Supplied material –
#####

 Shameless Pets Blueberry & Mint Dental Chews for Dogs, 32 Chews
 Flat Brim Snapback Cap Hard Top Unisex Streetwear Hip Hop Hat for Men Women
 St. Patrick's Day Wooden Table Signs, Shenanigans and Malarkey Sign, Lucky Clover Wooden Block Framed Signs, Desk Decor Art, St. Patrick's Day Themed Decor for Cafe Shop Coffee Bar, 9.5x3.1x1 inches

#####

Restate the material word for word, leaving nothing out.

Solution for this task –
 Shameless Pets Blueberry & Mint Dental Chews for Dogs, 32 Chews
 Flat Brim Snapback Cap Hard Top Unisex Streetwear Hip Hop Hat for Men Women
 St. Patrick's Day Wooden Table Signs, Shenanigans and Malarkey Sign, Lucky Clover Wooden Block Framed Signs, Desk Decor Art, St. Patrick's Day Themed Decor for Cafe Shop Coffee Bar, 9.5x3.1x1 inches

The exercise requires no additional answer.